Some scammers hijack a real listing by changing the email address or other contact information, and placing the modified ad on another site. The altered ad may even use the name of the person who posted the original ad. In other cases, scammers have hijacked the email accounts of property owners on reputable websites.
Phantom Goods or Services
Other rip-off artists make up listings for goods or services that aren’t real or don’t exist, and try to lure you in with the promise of low prices, or great quality. Their goal is to get your money before you find out.
Signs of a Scam
Being savvy when you’re in search of anything online a little due diligence is well worth the effort. Here are some signs you may be dealing with a scam:
They tell you to wire money
This is the surest sign of a scam… In this day and age there’s never a good reason to wire money to pay for a deposit, application fee, shipping charges, product or other fee. That’s true even if they send you an invoice, contract or agreement first. Wiring money is the same as sending cash — once you send it, you have no way to get it back.

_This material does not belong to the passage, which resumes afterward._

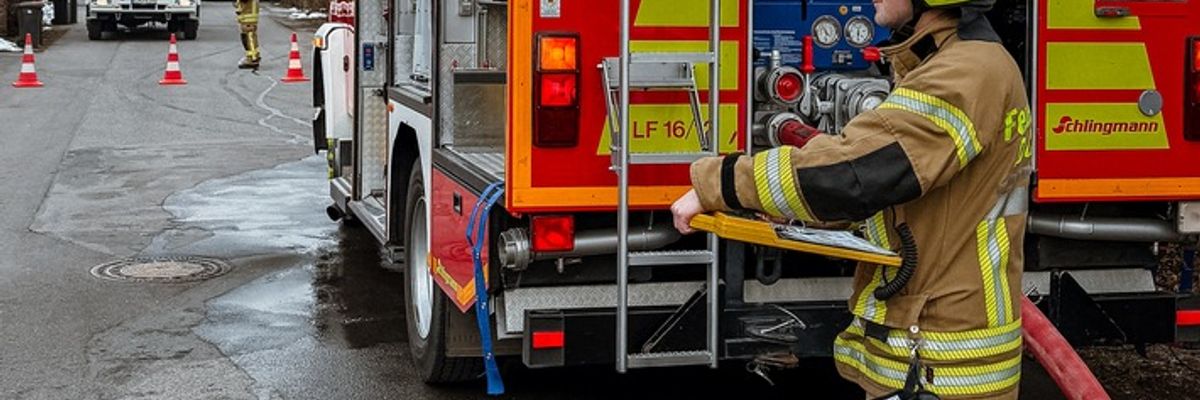 FW-DT: Dachstuhlbrand in der Hardenbergstraße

They want a deposit to hold an item
It’s never a good idea to send money to someone you’ve never met in person for something you haven’t seen. If you can’t see the item or services yourself, ask someone you trust to go and confirm that it’s real, and that it is what was advertised. In addition to setting up a meeting, do a search on the owner and listing. If you find the same ad listed under a different name, that’s a clue it may be a scam.
They say they’re out of the country
But they have a plan to get the items into your hands. It might involve a lawyer or an “agent” working on their behalf. Some scammers even create fake products. Don’t send money to them overseas. If you can’t meet in person, see the items before you pay, keep looking.
How to Report Scams
If you find yourself the target of a online scam, report it to your local law enforcement agency and to the FTC. Contact the website where the ad was posted, too.